• Records shown:
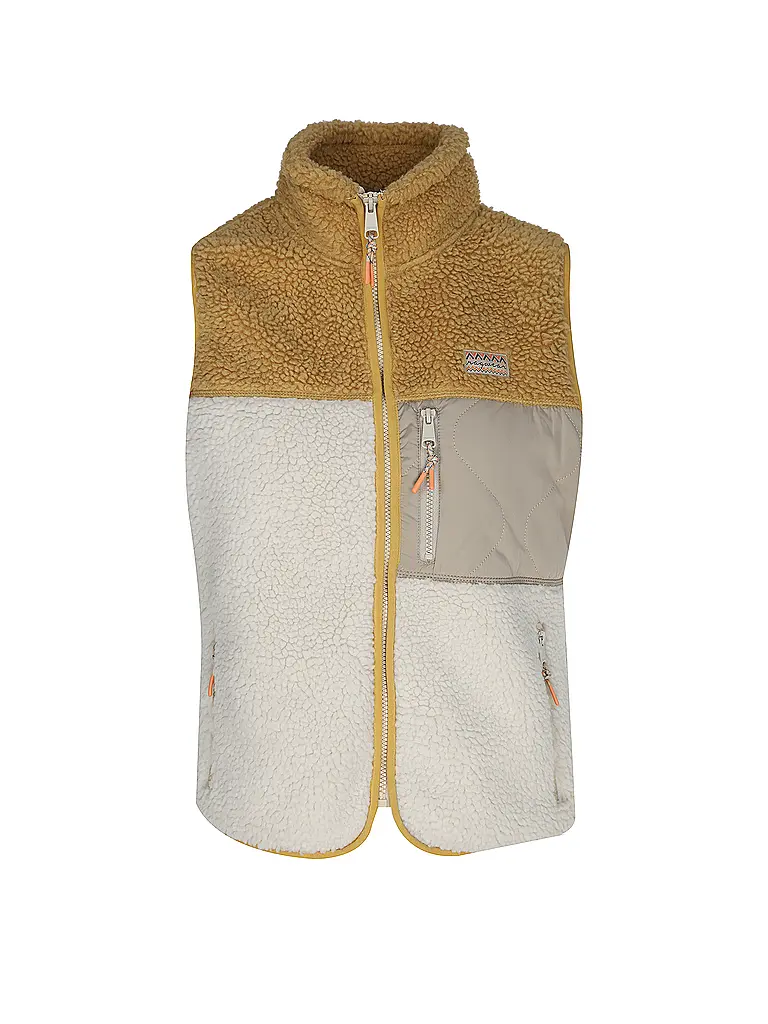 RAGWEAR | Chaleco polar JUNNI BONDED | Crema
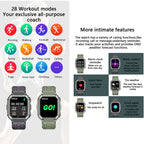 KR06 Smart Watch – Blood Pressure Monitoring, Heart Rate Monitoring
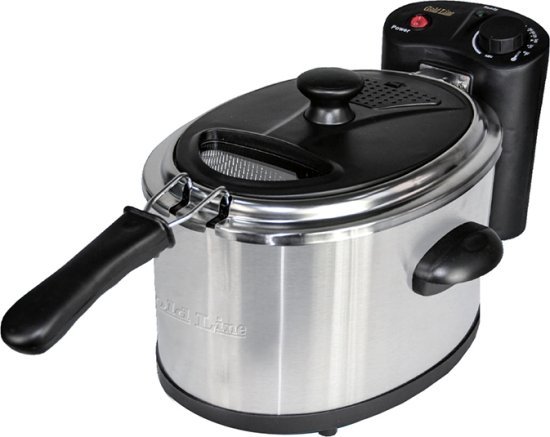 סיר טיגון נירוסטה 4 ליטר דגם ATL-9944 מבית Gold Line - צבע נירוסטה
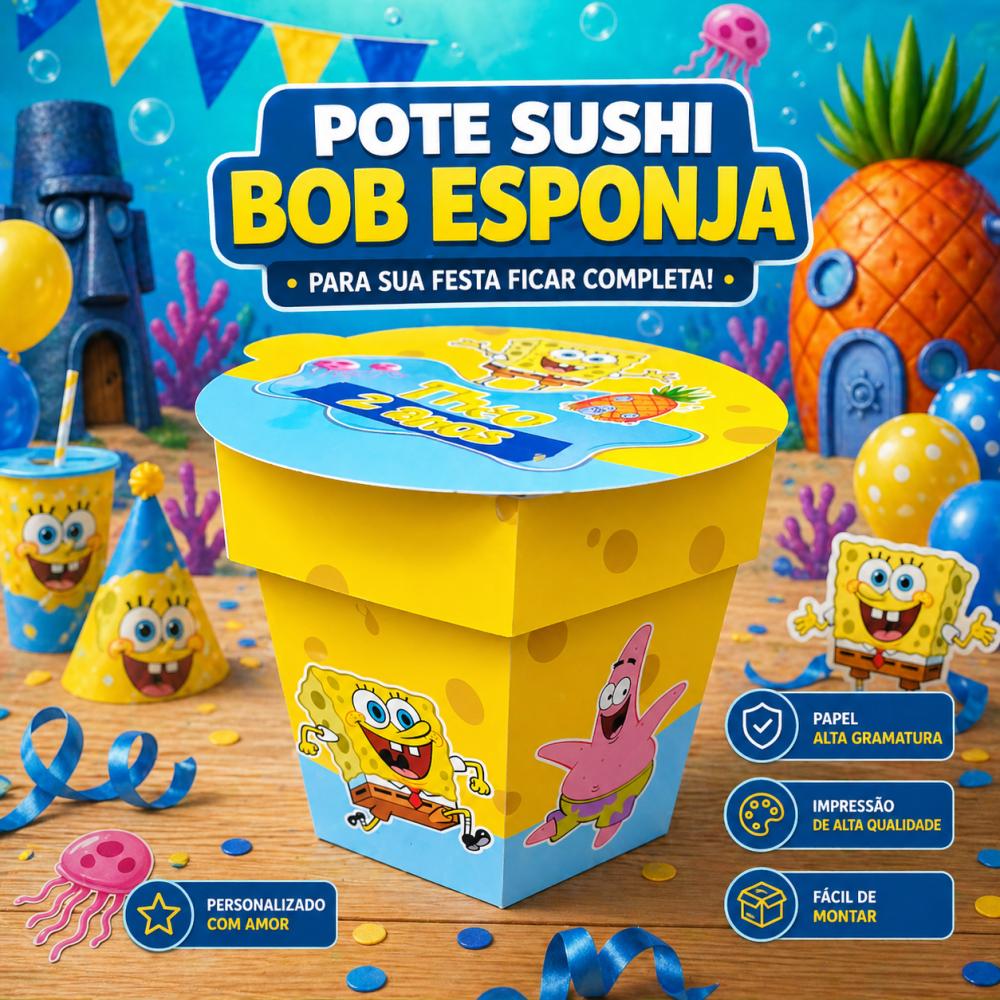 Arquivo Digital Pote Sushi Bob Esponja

--

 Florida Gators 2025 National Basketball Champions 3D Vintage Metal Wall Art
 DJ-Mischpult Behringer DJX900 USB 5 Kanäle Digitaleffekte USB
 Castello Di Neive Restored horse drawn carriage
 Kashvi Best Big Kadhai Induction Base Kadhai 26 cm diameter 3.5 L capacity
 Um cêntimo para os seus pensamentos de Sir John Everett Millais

...

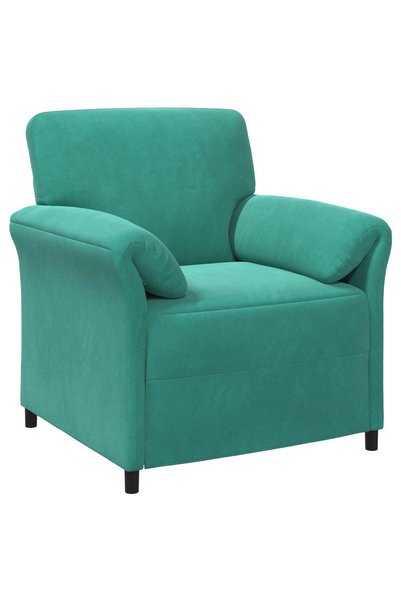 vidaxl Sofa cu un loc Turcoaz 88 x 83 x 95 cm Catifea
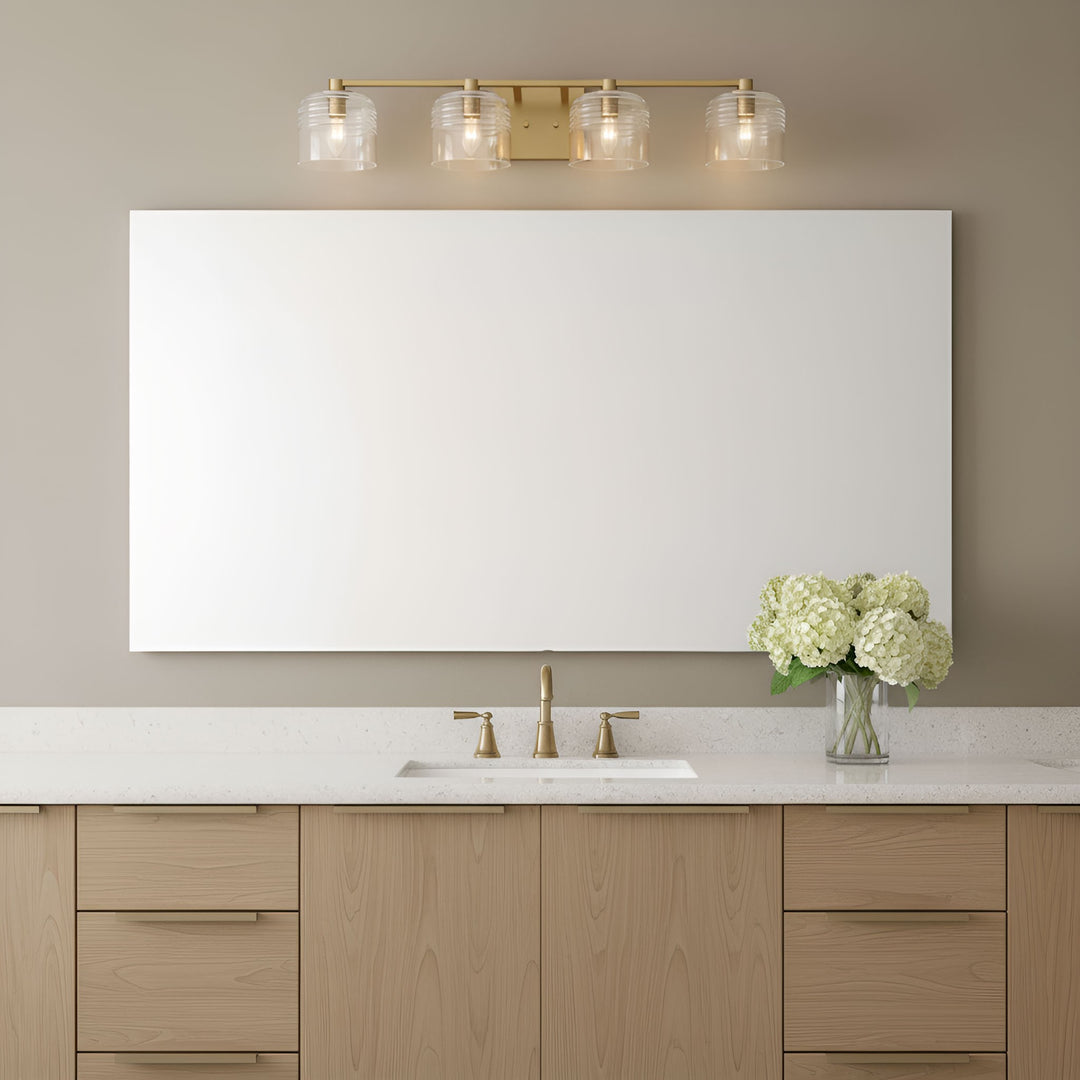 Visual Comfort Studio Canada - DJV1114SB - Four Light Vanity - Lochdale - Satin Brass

• Problem statement:
Reproduce the listing above only between the lines holding "RAGWEAR | Chaleco polar JUNNI BONDED | Crema" and "Arquivo Digital Pote Sushi Bob Esponja", inclusive. Every line must match exactly, and pictures are dropped.

• Response to the exercise:
 RAGWEAR | Chaleco polar JUNNI BONDED | Crema
 KR06 Smart Watch – Blood Pressure Monitoring, Heart Rate Monitoring
 סיר טיגון נירוסטה 4 ליטר דגם ATL-9944 מבית Gold Line - צבע נירוסטה
 Arquivo Digital Pote Sushi Bob Esponja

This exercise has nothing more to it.